Ok, that's it for now. I will come back to these issues again.
Ok, we are learning by doing. Who would ever say that these poor, post-communist Poles with many complexes and fighting style will ever steer the European project (second half of 2011). Do we really trust others that they will take into account our interest and not drive through our country like Napoleon, Hitler and Stalin used to do. Each nation state has gone through a long debate about issues like what means human rights (right to kill, right to believe, right to protest, right to protect). And actually the drafting of the Charter of Fundamental Rights was a good exercise in creating ambiguous compromises and blurring the meaning of words. I think this debate is not over but we need it. This is a major debate of any federalism: how far can a central judiciary intervene in the parts which compose the polity. I think we need a debate about the rights of gay marriages in less liberal states. And the rights of gypsies to settle down on the outskirts of Rome. And the rights of employers to sack all the workers and bring Latvian cheaper workforce with a temporary contract.
I think we have forgotten that building of the single market was not the aim in itself. That it is only a tool for a greater cause. And this cause is much closer to the Kantian proposal to establish peace among nations. And even if 55 years after the world war II we already think it is unthinkable again we still need to go back to this primary preoccupation and bring back its own sense.
Bacause both the conference in Hague in 1949 (establishement of the Council of Europe) and the Schuman declaration had this basic preoccupation in mind. But to be really in line with the facts, the institutional structure proposed by Schuman has changed considerable over time as a result of internal negotiations and changing priorities.
But when I hear all these discussions about 'Europe puissance' - the power of Europe, it is really the old French dream of establishing world rules that comes to my mind.
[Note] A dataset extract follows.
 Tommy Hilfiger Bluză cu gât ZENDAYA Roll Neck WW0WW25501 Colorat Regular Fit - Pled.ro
Yes we have interests and want to spread our values. But really a common foreign policy which is the reason for criticising Europe is at the end a secondary preoccupation. The major one was always internal. The Americans via NATO took care of Western Europe external security, so there was only the inner one to cope then. But it is true that one day the external security might become the primary one. Terrorism in fact is a serious threat. But still many times this comes eventually back to the one of integration of foreigners (Muslem British or Germans) in the societies. There is also state terrorism which has not die out with the end of cold war. But I think I shall come back to these issues later because the logic of this post is getting lost.
Still this is the major challenge of writing about EU. Whatever you start with it brings you always to other issues and it is difficult to conclude.
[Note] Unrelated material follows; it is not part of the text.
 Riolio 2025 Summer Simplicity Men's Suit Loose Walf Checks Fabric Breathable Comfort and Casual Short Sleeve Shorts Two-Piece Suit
So coming back to the issue of Convention (on the Future of Europe). Did it fail or not really?
It failed largely because:
1. It failed to attract enough media and politician attention before the closing months when the real articles of the 'Constitutional Treaty' have been assambled together.
2. It produced a long juridical text which does not pass the test of explaining or resolving the fundamental dillemas of the European project. It has been kidnapped by lawyers.
3. It (President) forced a controversial idea of changing voting rules in the name of efficiency and simplicity, which applied directly create a risk of giving too substantial powers to the largest nation states.
It succeeded because:
1. It has initiated a huge debate inside EU and closed the period when European politics has been confined to elitist groups.
2. It has shown to many federalists the limits of comparison with USA and the process of statebuilding and the mobilising force of European ideal.
3. The Convention has established a precedent/model of debate and negotiation which is superior to the model of Intergovernmental Conferences.
Ok, that's it for now. I will come back to these issues again.